Weather alert warnings everywhere.
Friday, 17 December 2010
The tree is here. Hooray!
Oh, and it's cold outside.
Tuesday, 14 December 2010
There are actually four ladies in this little group of party makers but two have vanished when I transfered them from Adobe illustrator to Photoshop.
I ordered a nail varnish that changes colour in sunlight for Alice who used to be Frank but as you reach checkout they announce it cannot be sent overseas.
The invisible wife left her dog locked up in her house for ten hours yesterday which means I bawl with helpless rage. And, as she is invisible there is never a moment to tell her to stop treating the dog is such a horrible manner.
Apart from that everything is great. Why does christmas make me feel wimpy?
Monday, 13 December 2010
I cannot believe the Wii. It says my age is 68 today...pleeeeeezzzzzzz and I have gained a kilo in the last week. Excuse me? After virtually running three thousand meters, ski jumping, slalom racing and cycling...a kilo? And I still am within my ideal body weight? How does this work then?
Sunday, 12 December 2010
Paco and Patrick went christmas tree hunting in three different villages, no luck. Christmas without a tree? Aah naaaawww.Still haven't made any cards. I should never have started making them.
Blowing a gale outside.
Saturday, 11 December 2010
"Hey! Long time no see."
I have to get off the bike as he is blocking the entrance to the wooden bridge. He is looking at the deaf man who always gives me a cheery silent hello.
"We thought she had died," says Mr. Parkinsons. "All laid out on the wall like that."
"Really?" the deaf man nods.
"White as a sheet.

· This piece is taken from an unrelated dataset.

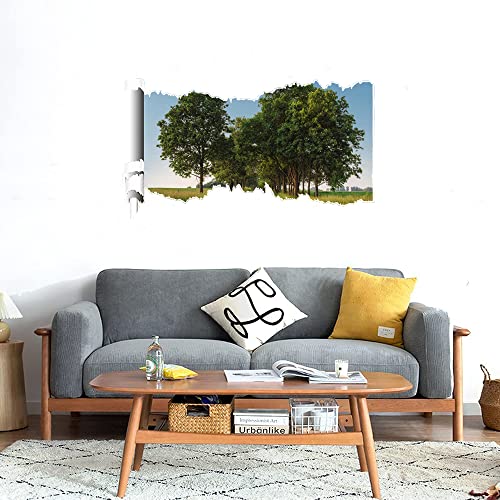 GADGETS WRAP Printed Wall Decal Sticker Scratched Paper Style Wall Decal (90cm x 50cm) - Rural Road Green Trees Landscape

We had to hold her legs in the air and somebody gave her some water."
"Really?" The deaf man looks concerned.
"I'm fine, " I say.
"Was it your heart?" Mr. Parkinsons questions.

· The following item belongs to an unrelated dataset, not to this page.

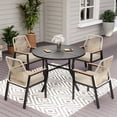thumbnail image 1 of MF Studio 5-Piece Outdoor Dining Set, 4 Cushioned Rattan Chairs and Round Table with Umbrella Hole, Black and Beige, 1 of 13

"No...actually (my heart is starting to speed up here) actually it was nothing...a mild panic attack." I say.
"Oh right...because we all thought you had died because nobody saw you again."
"I hate panic attacks," the deaf man says softly. "You never know when it's going to happen."
"Or was it not water? Was it a fizzy drink?" asks Mr. Parkinsons.
Wednesday, 8 December 2010
Tuesday, 7 December 2010
Monday, 6 December 2010
Playing on the Wii I discover my Wii age is 48...hooray. My BMI is ideal...hooray. I am five kilos overweight...BOO. For some really weird reason I cannot stand on one foot without falling over. I am quite puzzled by this. I also find it impossible to mirror image the virtual trainer who tells me to raise my right foot and left arm. This leaves me in a state of utter confusion and then I fall over. But for some reason I find this very funny. I'm lousy at ski jumping too but I am easily entertained.
Sunday, 5 December 2010
Friday, 3 December 2010
The invisible wife next door leaves Fido alone in the house for hours and hours everyday. He howls and howls and it breaks my heart.
Monday, 29 November 2010
And now...I get to colour it in. Same pleasure as when I was four.
Sunday, 28 November 2010
Saturday, 27 November 2010
One of the male guitarists breaks into a gutteral song. His eyes shut and his fingers grasp invisible birds flying by. The ladies giggle softly but they cannot move their eyes.
The woman in charge of the choir announces...
"It's the real deal tomorrow, everybody. Ladies...the matching flowers to be placed exactly in the centre of your hair . Check your earrings"
She is wearing Dick Whittington leather thigh boots, as are all the ladies in the village now.
Edith de France is trying to cure me of agoraphobia or give me a heart attack. I'm not sure which. Magic night.
Tuesday, 23 November 2010
I bumped into Mia the postlady who actually had the courage to play with the group last week.
"How did it go?" I say.
"Well, I got stuck on the one chord because I was nervous. Edith de France got lost. Maria de Andalucia was on the wrong page. Raul hit a string too hard...and when we stood up and bowed the audience didn't realise we had finished. Do you want to be in the Christmas show?"
I'll think about it.
Sunday, 21 November 2010
The wind is howling, my hands are frozen but I have a big batch of Scoth Broth bubbling. I'm sick of soup, actually.
Friday, 19 November 2010
Did you know that bank accounts go dormant and cannot be reactivated. I am spitting fireballs at the amount of phone calls and paperwork in order to do a simple money transfer which they refuse to do because Britain has made the account dormant even though the bank is not British. AAAAAARRRRRGGGGGGGGGG. What is the point of stuff put aside for that big rainy day if you cannot access it. Spit, spit, spit.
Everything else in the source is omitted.